Duplicates exist both in the code_name
column or in the
full_name
column.
new_df_sort[duplicated(new_df_sort$code_name),]
# code_name full_name
# 471 SO_EUR Standardoutput in Euros
new_df_sort[duplicated(new_df_sort$full_name),]
# code_name full_name
# 35 ASYL_APP Applicant type
# 179 HHTYPE Type of household
# 227 INDIC_INN Innovation indicator
# 233 INDIC_NRG Energy indicator
# 237 INDIC_SBS Economical indicator for structural business statistics
# 452 SECTPART Sector (ESA 2010)
# 528 TY Type of expenditure
The differences can be due to typos (probably ?):
new_df_sort[which(new_df_sort$code_name == "SO_EUR"),]
# code_name full_name
# 470 SO_EUR Standard output in Euros
# 471 SO_EUR Standardoutput in Euros
new_df_sort[which(new_df_sort$full_name == "Type of household"),]
# code_name full_name
# 178 HHTYP Type of household
# 179 HHTYPE Type of household
new_df_sort[which(new_df_sort$full_name == "Innovation indicator"),]
# code_name full_name
# 226 INDIC_IN Innovation indicator
# 227 INDIC_INN Innovation indicator
new_df_sort[which(new_df_sort$full_name == "Economical indicator for structural business statistics"),]
# code_name full_name
# 236 INDIC_SB Economical indicator for structural business statistics
# 237 INDIC_SBS Economical indicator for structural business statistics
…or due to actual differences (?) in the fields, although there could also be some kind of a misunderstanding:
# Different types of applicants
new_df_sort[which(new_df_sort$full_name == "Applicant type"),]
# code_name full_name
# 24 APPLICANT Applicant type
# 35 ASYL_APP Applicant type
new_df_sort[which(new_df_sort$full_name == "Energy indicator"),]
# code_name full_name
# 218 INDIC_EN Energy indicator
# 233 INDIC_NRG Energy indicator
new_df_sort[which(new_df_sort$full_name == "Sector (ESA 2010)"),]
# code_name full_name
# 450 SECTOR10 Sector (ESA 2010)
# 452 SECTPART Sector (ESA 2010)
new_df_sort[which(new_df_sort$full_name == "Type of expenditure"),]
# code_name full_name
# 144 EXPEN Type of expenditure
# 528 TY Type of expenditure
Conclusion
Changes in methods of delivering metadata affect, naturally, all end users of Eurostat data. With the eurostat package version 4.0.0 we have aimed at retaining the user-facing functionalities and the expected outputs. The interesting world of XML parsing is kept under the hood and should not be of concern for users.

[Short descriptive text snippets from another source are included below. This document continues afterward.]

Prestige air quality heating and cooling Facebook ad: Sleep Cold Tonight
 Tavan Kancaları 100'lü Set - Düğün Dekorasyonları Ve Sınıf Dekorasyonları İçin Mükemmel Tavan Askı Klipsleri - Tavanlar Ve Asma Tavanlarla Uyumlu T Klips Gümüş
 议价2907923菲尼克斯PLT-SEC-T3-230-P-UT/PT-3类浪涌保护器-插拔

This document is written mainly as a future reference for ourselves
if we might at some point be wondering why something that was possible
before is not possible anymore, or for users who have had scripts
relying on functions like label_eurostat_vars()
.
Feel free to open an issue or a pull request in Github if there are any suggestions or corrections you would like to make.